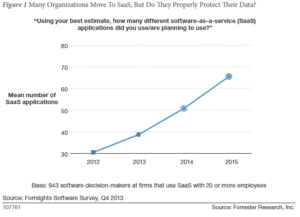 Peristiwa Kritis: Basis Data Startup Hancur dalam Sembilan Detik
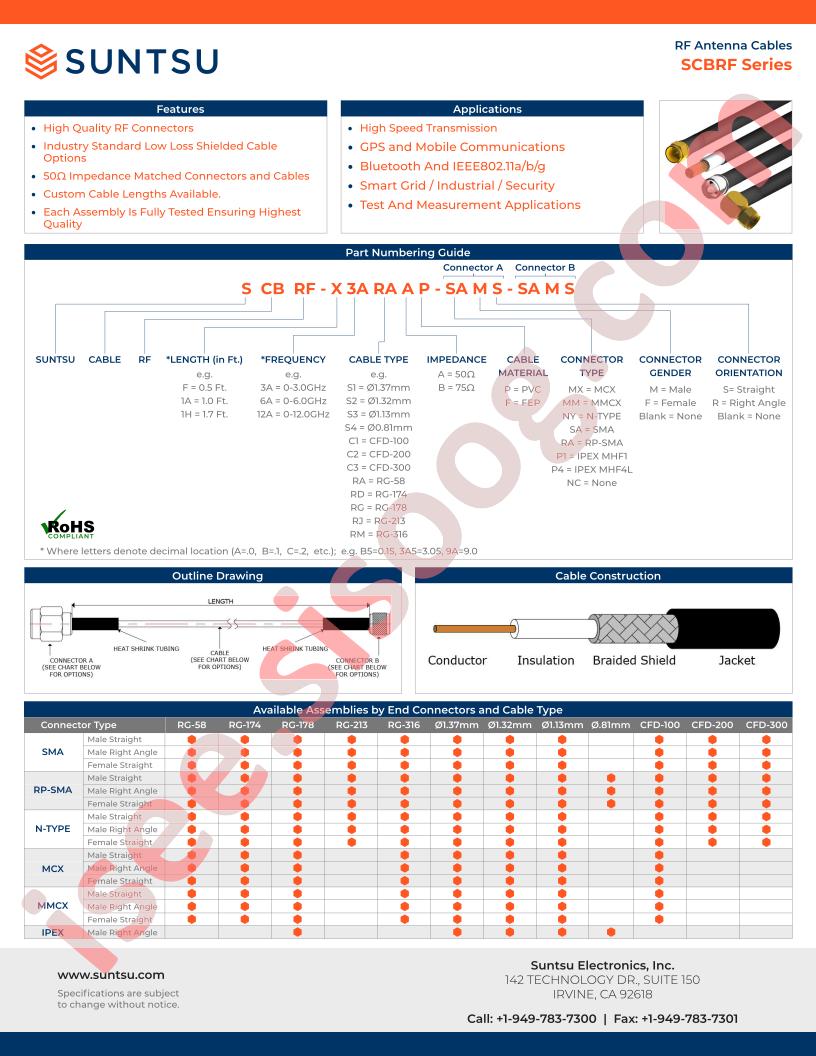 SCBRF-F3ARMBP-NM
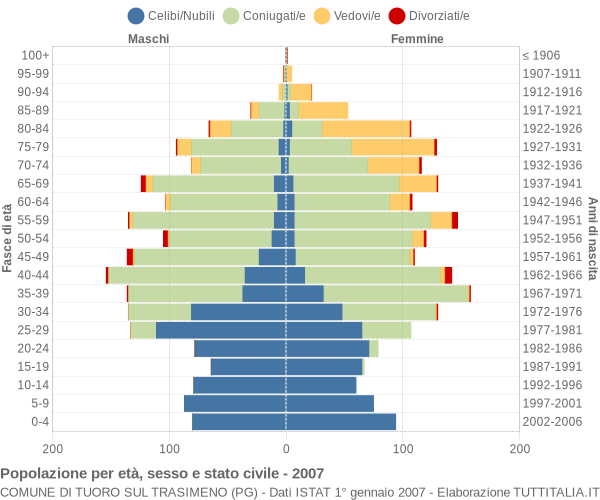 Grafico Popolazione per età, sesso e stato civile Comune di Tuoro sul Trasimeno (PG)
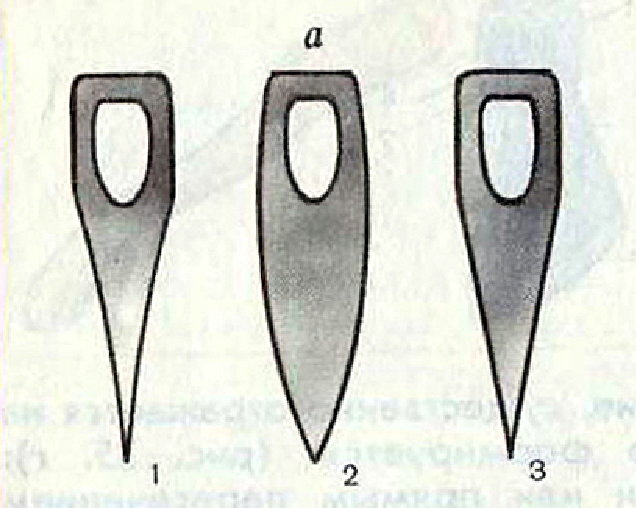 1 - топор; 2 - колун; 3 - колун-топор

#### Work order:
Return the whole listing word for word, minus its pictures.

#### Exercise solution:
 Peristiwa Kritis: Basis Data Startup Hancur dalam Sembilan Detik
 SCBRF-F3ARMBP-NM
 Grafico Popolazione per età, sesso e stato civile Comune di Tuoro sul Trasimeno (PG)
 1 - топор; 2 - колун; 3 - колун-топор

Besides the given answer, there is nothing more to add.